- Видимо в ваши годы я буду вспоминать о загубленной молодости, - горько проронила я, чувствуя, как слеза стекает по щеке.

- Жизнь длинная, Катя. Не зарекайся, - Амиров покачал головой и вышел.

Все следующие дни и недели я не выходила из своей комнаты. На любые предложения Генриха Эдельбертовича отвечала отказом. На вопросы о свадьбе равнодушно пожимала плечами и предлагала решать ему самому.

Будь я на его месте, уже давно разозлилась бы и пинками выгнала такую «невесту». Зачем мне рядом человек, которого воротит от одного лишь моего вида? Но Амиров вполне достойно терпел и проявлял чудеса доброты и понимания. Вот только надолго ли его хватит? Мне, как назло, хотелось его спровоцировать и вывести из себя. Но мужчина не поддавался на детские выходки и злые слова.

Лишь раз у нас состоялся нелицеприятный разговор, после которого мне снова вызывали врача, так как у меня подозрительно защемило сердце, и я начала задыхаться от подступающих слез.

- Катя, ты ведь понимаешь, что роль жены подразумевает делить одно ложе с мужем? – начал Амиров издалека.

- Я не буду с вами спать добровольно. Можете вон позвать своих псов Сергея с Дмитрием, и им придется меня держать, - зло усмехнулась прямо ему в глаза.

- Ты все еще обижена, что они насильно тебя унесли из дома, - покачал он головой.

- Нет, что вы. Я обо всем забыла, стоило увидеть ваш роскошный дом, - съязвила я.

- Катенька, мне нужны от тебя дети. Такие же языкастые и ершистые, как ты. При нужном воспитании вырастут более чем достойными людьми.

- Воспользуйтесь услугами суррогатной матери!

- Я женюсь не для того, чтобы мне рожала детей чужая баба, - мягко возразил он.

- Так и я вам чужая баба!

- За эти две недели, что ты у меня, уже не чужая.

- Пусть другая поживет у вас несколько месяцев и будете как родные с ней.

- Катя, - Амиров добавил стали в голос, - Не вижу смысла и дальше с тобой пререкаться, поэтому просто ставлю перед фактом. Будь готова принять меня в брачную ночь. Я и так щажу тебя, не трогаю сейчас и даю личное пространство со свободой. Другой вопрос, что ты этим не пользуешься и продолжаешь упиваться своим несчастьем.

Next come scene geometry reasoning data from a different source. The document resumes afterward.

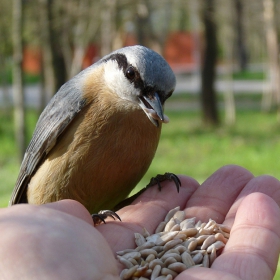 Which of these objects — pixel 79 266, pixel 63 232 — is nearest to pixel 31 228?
pixel 63 232

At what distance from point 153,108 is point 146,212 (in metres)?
0.66

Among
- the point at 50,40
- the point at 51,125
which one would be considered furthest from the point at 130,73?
the point at 50,40

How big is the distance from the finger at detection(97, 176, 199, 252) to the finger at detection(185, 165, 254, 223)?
12 centimetres

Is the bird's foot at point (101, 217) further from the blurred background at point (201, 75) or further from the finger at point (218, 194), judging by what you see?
the blurred background at point (201, 75)

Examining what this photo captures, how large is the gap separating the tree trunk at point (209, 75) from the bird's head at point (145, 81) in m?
9.55

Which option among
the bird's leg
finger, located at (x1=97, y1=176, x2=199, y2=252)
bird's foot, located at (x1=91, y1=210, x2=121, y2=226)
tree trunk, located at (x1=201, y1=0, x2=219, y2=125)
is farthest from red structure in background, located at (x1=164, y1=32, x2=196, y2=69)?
bird's foot, located at (x1=91, y1=210, x2=121, y2=226)

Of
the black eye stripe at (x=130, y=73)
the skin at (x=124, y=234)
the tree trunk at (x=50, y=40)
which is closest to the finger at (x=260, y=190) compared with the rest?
the skin at (x=124, y=234)

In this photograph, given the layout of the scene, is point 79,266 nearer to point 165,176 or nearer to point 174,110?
point 165,176

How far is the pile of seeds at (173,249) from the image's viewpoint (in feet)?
8.23

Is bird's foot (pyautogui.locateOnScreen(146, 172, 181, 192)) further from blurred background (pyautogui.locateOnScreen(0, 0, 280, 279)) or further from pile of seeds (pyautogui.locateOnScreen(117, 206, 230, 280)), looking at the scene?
blurred background (pyautogui.locateOnScreen(0, 0, 280, 279))

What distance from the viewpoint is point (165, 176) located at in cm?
350

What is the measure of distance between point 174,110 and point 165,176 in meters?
13.8

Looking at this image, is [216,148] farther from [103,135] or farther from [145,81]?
[145,81]

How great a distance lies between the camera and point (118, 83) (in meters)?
3.23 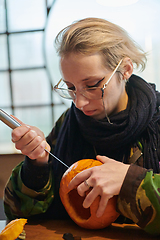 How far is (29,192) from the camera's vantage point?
830 mm

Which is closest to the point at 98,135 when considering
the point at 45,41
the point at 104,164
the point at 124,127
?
the point at 124,127

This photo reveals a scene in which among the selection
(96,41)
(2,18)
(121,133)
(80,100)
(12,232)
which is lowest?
(12,232)

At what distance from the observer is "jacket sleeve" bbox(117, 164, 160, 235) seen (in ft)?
1.96

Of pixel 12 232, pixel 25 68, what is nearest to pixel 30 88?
pixel 25 68

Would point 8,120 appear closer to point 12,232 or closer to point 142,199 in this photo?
point 12,232

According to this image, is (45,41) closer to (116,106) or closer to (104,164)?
(116,106)

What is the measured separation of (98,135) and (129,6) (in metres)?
0.54

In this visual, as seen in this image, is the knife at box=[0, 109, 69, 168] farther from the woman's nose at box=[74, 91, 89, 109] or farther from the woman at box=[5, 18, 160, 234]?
the woman's nose at box=[74, 91, 89, 109]

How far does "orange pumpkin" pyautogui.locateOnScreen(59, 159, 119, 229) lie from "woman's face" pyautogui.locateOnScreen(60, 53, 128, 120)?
0.68 ft

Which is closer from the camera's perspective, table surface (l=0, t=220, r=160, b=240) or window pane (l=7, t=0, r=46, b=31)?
table surface (l=0, t=220, r=160, b=240)

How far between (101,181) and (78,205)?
0.16 m

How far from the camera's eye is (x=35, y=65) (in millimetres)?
2184

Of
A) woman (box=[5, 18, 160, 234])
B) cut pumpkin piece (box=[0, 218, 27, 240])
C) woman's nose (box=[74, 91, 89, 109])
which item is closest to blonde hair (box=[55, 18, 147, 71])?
woman (box=[5, 18, 160, 234])

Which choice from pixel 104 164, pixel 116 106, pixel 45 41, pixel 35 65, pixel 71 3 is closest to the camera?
pixel 104 164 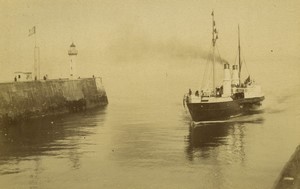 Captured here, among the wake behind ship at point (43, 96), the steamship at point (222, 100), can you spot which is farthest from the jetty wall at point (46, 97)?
the steamship at point (222, 100)

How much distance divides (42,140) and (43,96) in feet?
23.1

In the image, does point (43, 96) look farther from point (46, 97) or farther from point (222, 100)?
point (222, 100)

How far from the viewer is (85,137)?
1307 centimetres

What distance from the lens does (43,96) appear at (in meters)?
19.4

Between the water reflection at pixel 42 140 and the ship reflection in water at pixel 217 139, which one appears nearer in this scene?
the water reflection at pixel 42 140

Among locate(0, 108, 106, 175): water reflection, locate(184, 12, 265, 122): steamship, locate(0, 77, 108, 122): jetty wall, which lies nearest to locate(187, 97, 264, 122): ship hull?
locate(184, 12, 265, 122): steamship

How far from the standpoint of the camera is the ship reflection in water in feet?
32.2

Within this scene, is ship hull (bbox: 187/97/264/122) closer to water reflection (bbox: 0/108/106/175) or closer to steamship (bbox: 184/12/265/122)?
→ steamship (bbox: 184/12/265/122)

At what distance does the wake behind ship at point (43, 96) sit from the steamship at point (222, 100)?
4.44m

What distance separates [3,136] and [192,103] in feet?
20.7

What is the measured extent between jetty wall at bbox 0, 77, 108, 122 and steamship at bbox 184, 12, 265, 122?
20.4 feet

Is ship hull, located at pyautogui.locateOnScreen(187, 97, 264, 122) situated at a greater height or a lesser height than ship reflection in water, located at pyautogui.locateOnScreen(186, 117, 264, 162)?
greater

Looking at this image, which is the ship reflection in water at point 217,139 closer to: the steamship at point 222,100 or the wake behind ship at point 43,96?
the steamship at point 222,100

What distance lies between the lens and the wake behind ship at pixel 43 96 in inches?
633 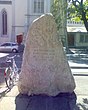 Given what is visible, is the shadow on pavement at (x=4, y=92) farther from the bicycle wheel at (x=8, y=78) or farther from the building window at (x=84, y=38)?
the building window at (x=84, y=38)

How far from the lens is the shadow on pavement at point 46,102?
7168mm

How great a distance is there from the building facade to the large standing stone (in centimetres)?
3319

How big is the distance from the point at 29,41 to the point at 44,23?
2.41 feet

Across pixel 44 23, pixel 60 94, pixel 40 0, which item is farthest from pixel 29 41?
pixel 40 0

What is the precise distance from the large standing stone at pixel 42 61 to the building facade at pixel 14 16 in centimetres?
3319

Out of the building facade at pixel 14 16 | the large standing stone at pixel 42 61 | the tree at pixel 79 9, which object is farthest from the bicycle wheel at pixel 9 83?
the building facade at pixel 14 16

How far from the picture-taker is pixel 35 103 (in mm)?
7535

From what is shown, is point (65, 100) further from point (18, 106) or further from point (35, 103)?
point (18, 106)

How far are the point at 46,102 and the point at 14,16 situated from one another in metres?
36.3

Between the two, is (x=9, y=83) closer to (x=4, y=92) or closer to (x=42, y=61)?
(x=4, y=92)

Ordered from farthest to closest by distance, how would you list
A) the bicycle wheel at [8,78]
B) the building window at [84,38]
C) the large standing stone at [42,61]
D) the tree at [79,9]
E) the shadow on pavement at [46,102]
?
the building window at [84,38]
the tree at [79,9]
the bicycle wheel at [8,78]
the large standing stone at [42,61]
the shadow on pavement at [46,102]

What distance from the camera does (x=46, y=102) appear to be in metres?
7.63

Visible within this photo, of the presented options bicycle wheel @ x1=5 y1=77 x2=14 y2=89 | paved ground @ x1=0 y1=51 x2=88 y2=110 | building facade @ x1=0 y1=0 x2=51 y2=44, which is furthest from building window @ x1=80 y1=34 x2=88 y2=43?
paved ground @ x1=0 y1=51 x2=88 y2=110

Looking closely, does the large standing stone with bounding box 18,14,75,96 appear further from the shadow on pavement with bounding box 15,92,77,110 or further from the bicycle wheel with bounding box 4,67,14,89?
the bicycle wheel with bounding box 4,67,14,89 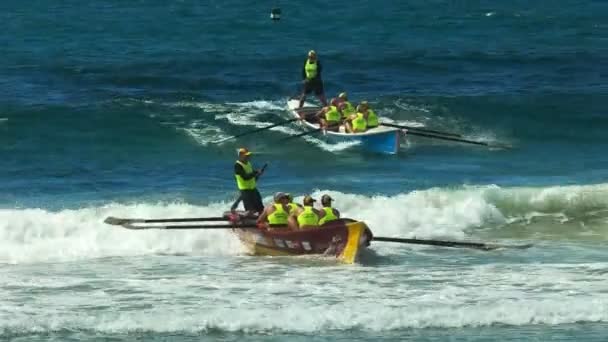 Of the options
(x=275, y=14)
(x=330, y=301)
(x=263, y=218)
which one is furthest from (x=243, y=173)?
(x=275, y=14)

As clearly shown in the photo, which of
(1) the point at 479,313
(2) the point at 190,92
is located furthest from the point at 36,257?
(2) the point at 190,92

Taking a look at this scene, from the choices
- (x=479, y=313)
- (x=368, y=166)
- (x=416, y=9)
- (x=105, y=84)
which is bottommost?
(x=479, y=313)

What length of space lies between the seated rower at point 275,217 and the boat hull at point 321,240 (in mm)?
115

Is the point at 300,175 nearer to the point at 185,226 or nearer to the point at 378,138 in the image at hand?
the point at 378,138

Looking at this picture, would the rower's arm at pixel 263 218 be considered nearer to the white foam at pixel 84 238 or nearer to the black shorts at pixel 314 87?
the white foam at pixel 84 238

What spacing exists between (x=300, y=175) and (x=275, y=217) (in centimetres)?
827

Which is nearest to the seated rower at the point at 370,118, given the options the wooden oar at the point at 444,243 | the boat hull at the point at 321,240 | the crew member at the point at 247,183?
the crew member at the point at 247,183

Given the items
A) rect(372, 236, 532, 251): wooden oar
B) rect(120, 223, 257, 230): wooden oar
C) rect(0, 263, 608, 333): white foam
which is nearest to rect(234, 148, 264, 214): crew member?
rect(120, 223, 257, 230): wooden oar

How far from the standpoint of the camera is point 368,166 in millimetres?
32969

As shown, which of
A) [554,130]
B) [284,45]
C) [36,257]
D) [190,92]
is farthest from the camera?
[284,45]

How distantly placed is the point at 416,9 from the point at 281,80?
2097 cm

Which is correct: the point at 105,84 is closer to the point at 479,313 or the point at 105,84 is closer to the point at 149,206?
the point at 149,206

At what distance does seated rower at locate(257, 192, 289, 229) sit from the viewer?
79.6 ft

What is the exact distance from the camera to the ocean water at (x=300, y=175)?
20.5 metres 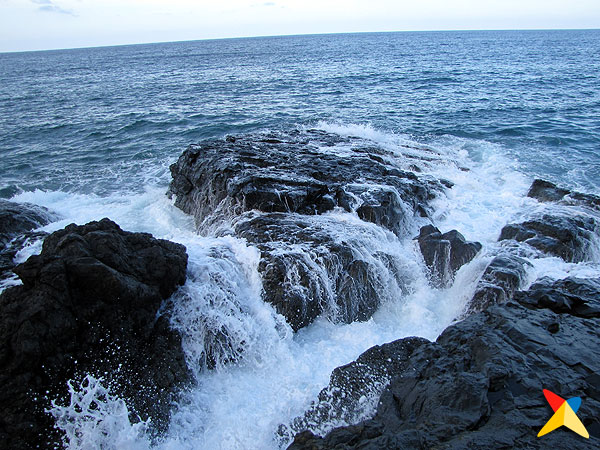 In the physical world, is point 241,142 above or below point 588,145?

От услышанного у меня чуть не подкосились ноги, благо я сидела. Но все тело тут же затряслось, как от лихорадки. Слезы невольно потекли, пока дрожащие руки их нервно утирали.

- Нет, - через сбившееся дыхание кое-как ответила.

- Катя! – Амиров непривычно повысил голос и стукнул кулаком по столику, - Прекрати реветь! От этого еще никто не умирал.

- Да лучше бы я умерла! – закричала и вскочила с кровати, чувствуя, как в груди что-то сильно печет.

- Не смей так говорить, глупая девчонка, - впервые закричал Генрих Эдельбертович, - Ты еще жизни не знаешь, а несешь такие глупости. Любая другая уже давно бы молча раздвинула ноги и опустошала мои карты в ЦУМе!

Мне было сложно дышать. Горло сдавил спазм, а с левой стороны груди кто-то невидимый играл с моим сердцем. Было ощущение, что чья-то рука беспощадно сжимает его и отпускает. Сильно сдавливает и снова дает передышку.

Я упала на колени, держась за грудь и горло.

- Катя? – Амиров бухнулся рядом и заглянул в мое посиневшее лицо, - Твою мать..!!!

Врач прибыл через двадцать минут. Только увидев меня, он тут же стер благодушную улыбку с лица и бросился к своему чемоданчику.

- Шоковая асфиксия, - сказал он, когда приступ меня отпустил.

- Что это? – на Генриха Эдельбертовича было страшно смотреть. Он сам побелел, как мел, а круглая физиономия слегка вытянулась.

- Если говорить проще, то гипервентиляционный синдром.